Y ni siquiera pienso en el constante aumento de libros que experimenta el mundo. No, aunque no se publicase ni un solo libro nuevo, todo lector auténtico podría seguir estudiando, luchando y disfrutando durante décadas y siglos con el tesoro existente. Cada nueva lengua que aprendemos nos trae una experiencia nueva, y hay muchísimas lenguas, muchas más de las que nos enseñaron en la escuela. No existe sólo un idioma español o un idioma italiano o un idioma alemán o los tres idiomas alemanes: hay tantos idiomas alemanes, españoles o ingleses como existen en cada uno de estos pueblos maneras de pensar y matices del sentimiento de la vida, existen incluso tantos idiomas como pensadores y poetas originales. Jean Paul escribió al mismo tiempo que Goethe, y por desgracia poco apreciado por él, su alemán, tan completamente distinto y tan genuino. En el fondo, ninguno de estos idiomas es traducible. El intento de algunos pueblos de nivel cultural elevado de hacer suya toda la literatura universal a través de traducciones (y en este aspecto los alemanes están entre los primeros) es algo maravilloso y ha dado frutos espléndidos pero en fin de cuentas el intento no sólo no se ha logrado nunca por completo, sino que en principio no es realizable. Todavía no se han escrito los hexámetros alemanes que suenen realmente como Homero. El gran poema de Dante ha sido traducido desde hace cien años varias docenas de veces al alemán, con el resultado de que el poeta traductor más joven y más importante, ante la evidencia de que todos los intentos de traducir una lengua de la Edad Media a una lengua actual eran insuficientes, ha inventado una lengua propia, un alemán de una Edad Media poética para su Dante alemán, exclusivamente para este fin y no podemos por menos que admirarle por ello.

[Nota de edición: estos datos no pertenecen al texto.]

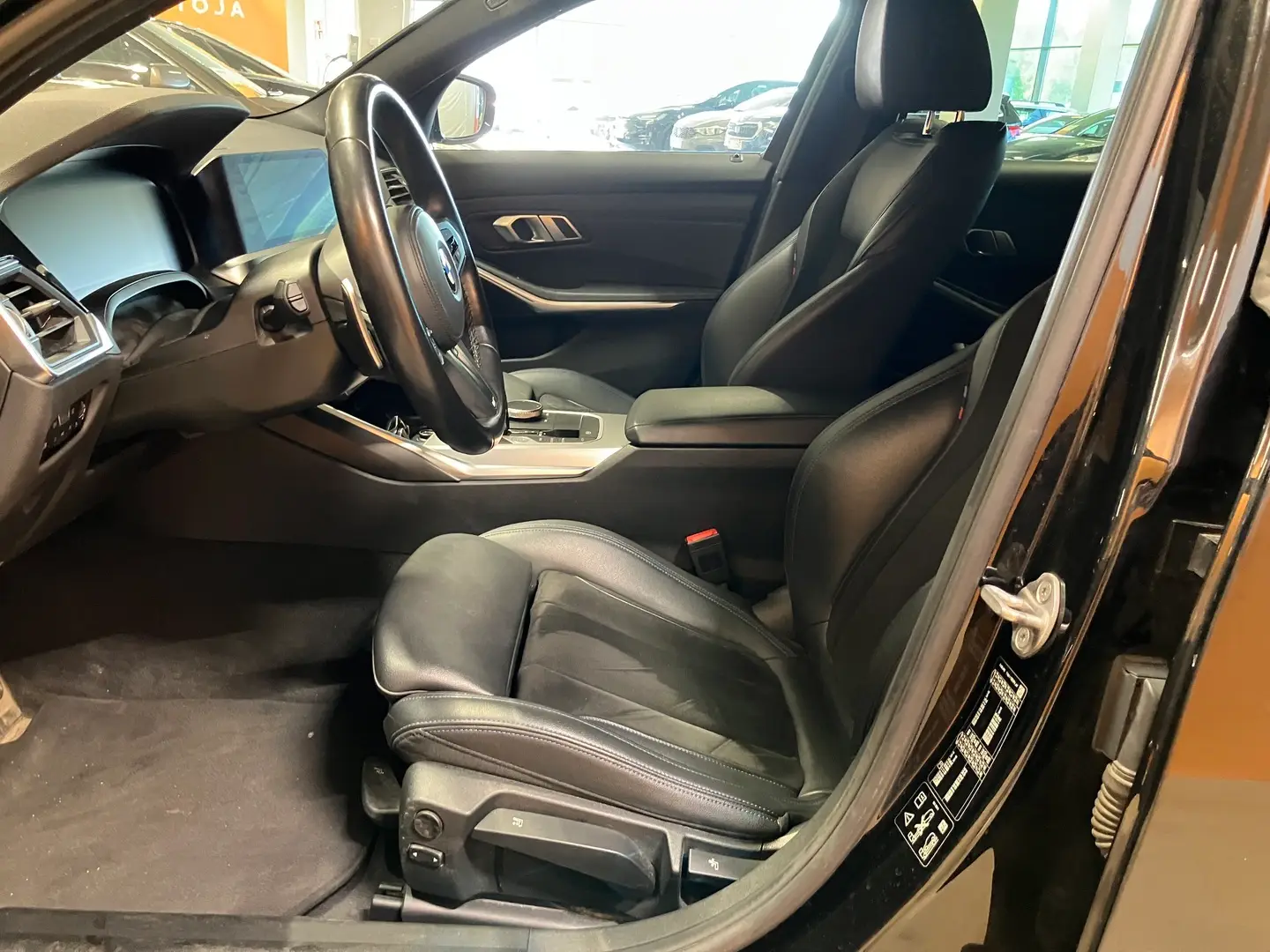 Car Image - pPCrWudhDHaBCFIwqcn8v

Aunque un lector no aprenda nuevos idiomas o conozca nuevas literaturas, puede proseguir indefinidamente su lectura, puede seguir diferenciándola, potenciándola y formándola. Cada libro de cada pensador, cada verso de cada poeta mostrarán al lector con los años nuevos rostros, serán interpretados de manera distinta, suscitarán nuevas resonancias. Las «Wahlverwandschaften» de Goethe que leí por primera vez como adolescente entendiéndolas sólo parcialmente era un libro completamente distinto a las «Wahlverwandschaften» que leo ahora, quizás por quinta vez. Lo misterioso y grande de estas experiencias de lectura es que a medida que leemos de una manera más sensible y más densa, vemos cada idea y cada obra en su carácter único, en su individualidad y en su estrecho condicionamiento y vemos que toda la belleza, todos los encantos se basan precisamente en esa individualidad y en ese carácter único. Al mismo tiempo creemos ver cada vez con mayor claridad cómo todas esas cien mil voces de todos los pueblos tienden hacia el mismo objetivo, como invocan con otros nombres a los mismos dioses, sueñan los mismos sueños, sufren las mismas penas. Del tejido intrincado de innumerables idiomas y libros de varios milenios, contempla en momentos iluminados al lector una quimera sublime y suprarreal: el rostro del ser humano, en una unidad mágica de mil rasgos contradictorios.